Uma história curiosa é sobre um fã. Ele me escrevia cartas. Muitas por mês, me elogiando, mas nas cartas tinha o holerite e extrato da poupança, dizendo que tinha dinheiro para casar comigo. Era até ingênuo, mas engraçado.
5) Imagine o cenário: você é uma atriz (de qualquer país) enquanto ela atua em um filme memorável. Qual seria a atriz, o filme e claro… por quê?
M.L.: Um filme que eu gostaria de ter feito: À Meia-Luz (1944). Tentei até trazer a peça para o Brasil. Um filme maravilhoso. O Rubens Ewald Filho até me mandou uma cópia na época, que tenho até hoje.
6) Fazer cinema envolve muitas variáveis. Esforço, investimento, paixão, talento... E a sinergia destes elementos faz o resultado. Qual trabalho em sua carreira considera o melhor?
M.L.: O trabalho que me deixou profundamente realizada foram aqueles papéis que saem do formato original, que engessam a gente. O artista pode engordar, emagrecer, pintar cabelo, se "enfeiar", ou seja, não existe esta de não se encaixar no perfil do personagem. Isto é uma forma dos diretores de elenco trabalharem menos, já que, para poupar trabalho, buscam um perfil de acordo com o personagem. Até hoje isto acontece.
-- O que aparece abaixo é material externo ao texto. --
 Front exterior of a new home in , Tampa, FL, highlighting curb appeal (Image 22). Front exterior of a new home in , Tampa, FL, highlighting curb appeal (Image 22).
Fiz um filme chamado Lara, dirigido por Ana Maria Magalhães, sobre a vida da Odete Lara. A composição do personagem foi maravilhosa. Há uma cena em que eu me jogo dentro de um poço. Ninguém me reconheceu depois. Me deixou muito orgulhosa.
Fiz também uma bruxa no teatro. Uma peça infantil dirigida por Walcyr Carrasco. As crianças morriam de medo e os adultos não me reconheciam. Eu adorava.
M.V.: E, em contrapartida, o que você mais se arrependeu de fazer, ou, caso não tenha se arrependido, teria apenas feito diferente?
M.L.: Não me arrependo de nada, pois plantei muito, até com os erros, e colhi.
7) Para finalizar, deixe uma frase ou pensamento envolvendo o cinema que representa você.
M.L.: Não me vem nenhuma na cabeça. Mas vou te dizer o que mais me orgulha: é tirar o depressivo de casa, a pessoa que tem pressão alta, pessoas com problemas de comunicação, de iteração e conseguir fazer uma turma de pessoas com um objetivo de fazer teatro.
E ver no dia a dia elas melhorarem a saúde, produtividade, memória porque o teatro é bom para a vida.
M.V.: Obrigado pela entrevista. Sucesso para você.